Not surprisingly, given her links to Lord Morley, Mary was closest to Lady Shelton’s daughter-in-law, Margaret Parker, for example standing as godmother for her child in October 1537 and making her a gift of clothing in January of the following year.30 The gift of a bottle of wine delivered to the princess in June 1543 by ‘Mr Shelton’s servant’ is also likely to have come from his wife.31 There is clear affection for Lady Shelton, however, who gave the princess the rich gift of two cushion covers garnished with gold and silk at New Year 1543.32 Clearly, Princess Mary did not bear a grudge against the Shelton family, suggesting that they at least always treated her fairly during Anne Boleyn’s time as queen, something that seems to have infuriated Lady Shelton’s niece.

There is contemporary evidence that Lady Shelton, while prepared to enforce her niece’s orders, was not prepared to enforce them with malice. In February 1534 Chapuys recorded that Mary was being kept with very little to wear, forcing her to send to her father to request funds. At the same time she requested permission to hear mass in the local church, something which was refused her due to the cheers that she received whenever she was seen by the local population.33 While Lady Shelton was in charge of day-to-day decisions in relation to Mary, she was kept under close scrutiny by other members of the family, with the Duke of Norfolk and her nephew, George Boleyn, summoning her to them to berate her for treating Mary ‘with too great kindness and regard, when she ought to deal with her as a regular bastard that she was’. To this Lady Shelton replied that ‘even if it were so, and that she was the bastard daughter of a poor gentleman, her kindness, her modesty, and her virtues called forth all respect and honour’.

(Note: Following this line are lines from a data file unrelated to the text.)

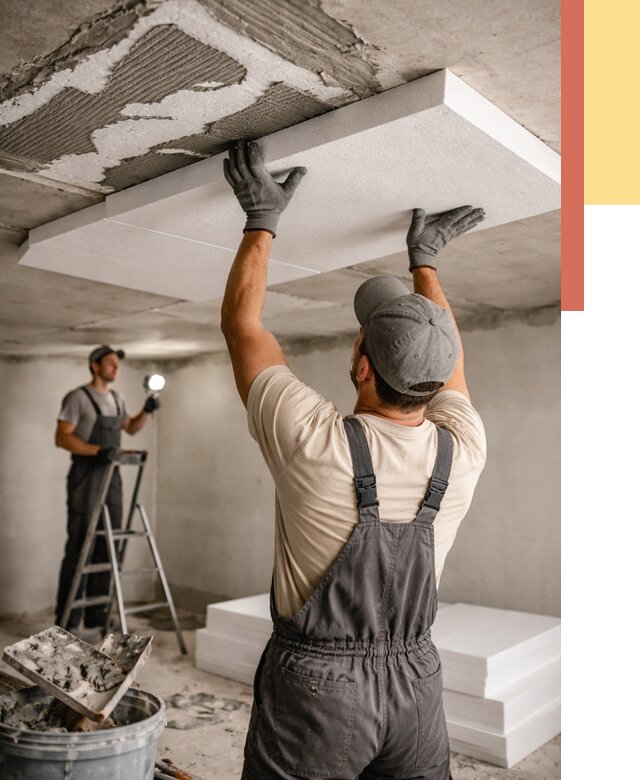 Утепление потолка пенопластом в Анапе от 4673 руб/м2 — недорого и быстро | ОТДЕЛОЧНИК-Нпа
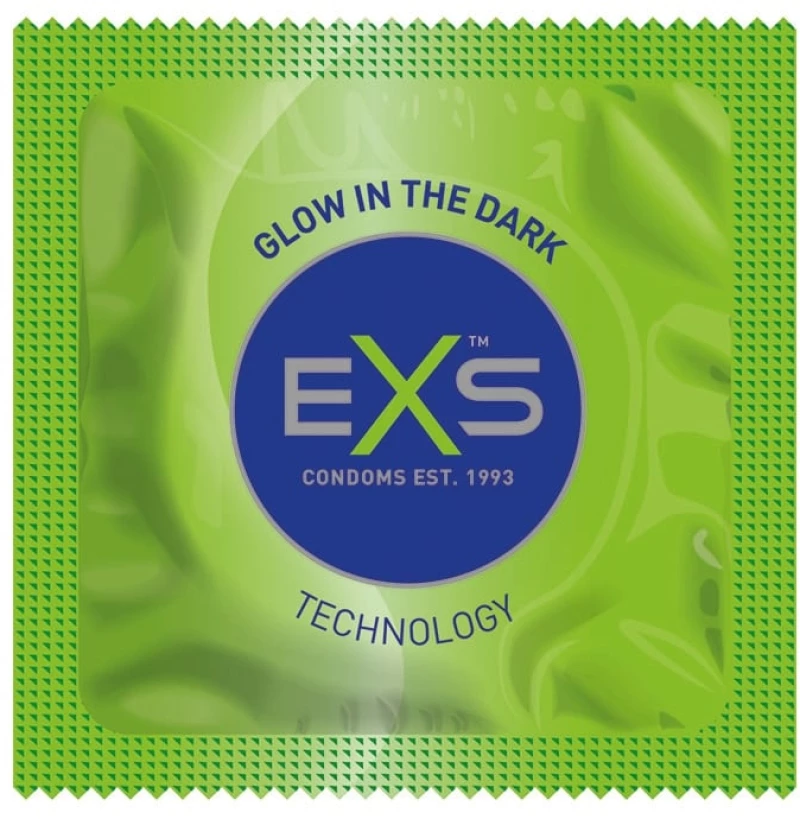 Exs Glowing Condom - 1 pack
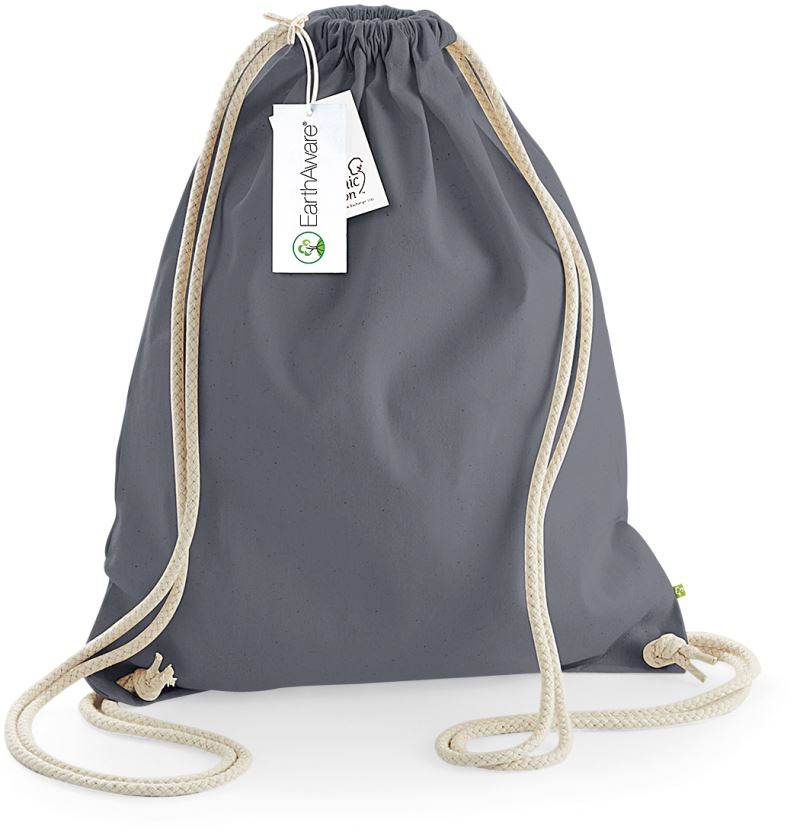 Westford Mill W810 EarthAware® Bio-Turnbeutel aus Canvas – graphite grey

Lady Shelton was forced to spend a great deal of time with her young charge: in March 1534, when Mary refused to travel with the household to a new residence she was forcibly placed in a carriage with Lady Shelton for what must have been a very uncomfortable journey for them both.34 Matters were certainly tense. When, in April 1534, Anne and Henry came to visit Elizabeth, they ordered that Mary be kept in her room with an armed guard at the door.35 The royal couple doubtless had some strong words for Lady Shelton about how they expected her to make Mary behave since she appears to have taken this out on the girl, informing her that ‘the king, her father no longer cared whether she renounced her title willingly or not, since by the last statute she had been declared illegitimate and incapable of inheriting, and that if she were in his (the king’s) place she would kick her (the Princess) out of the king’s house for her disobedience’. Lady Shelton took this harsh line in an attempt to make Mary comply, something that would both make her life easier as governess and protect Mary, given that the king had reportedly threatened her with execution if she would not obey.

As a first cousin of the Holy Roman Emperor Mary was probably safe, although Henry, as her father, was recognised by convention to have absolute control over the disposal of her person. Lady Shelton came under direct pressure from the king to enforce Mary’s conduct. The following month, Henry asked her of Mary ‘whether there were signs of her rebellious spirit and stubborn obstinacy being in any way subdued’, to which the queen’s aunt was forced to reply that ‘she continued the same’.36 Henry then declared, ‘Then there must be someone near her who maintains her in her fanciful ideas by conveying news of her mother to her.’ Lady Shelton, no doubt anxious to avoid any blame herself, named a maid of the princess who was promptly dismissed: for Lady Shelton, governing Mary was a thankless task and one which she does not seem to have relished.

There was another reason for the strained relationship that developed between Queen Anne Boleyn and her aunt. On 25 February 1535 Chapuys recorded that ‘the young lady who was lately in the king’s favour is so no longer. There has succeeded to her place a cousin german of the Concubine, daughter of the present governess of the Princess.’ Chapuys later made it clear that this lady was ‘Madge’ Shelton and that while few other details of the affair are known, this Mistress Shelton remained in the king’s favour, and presumably as his mistress, for six months.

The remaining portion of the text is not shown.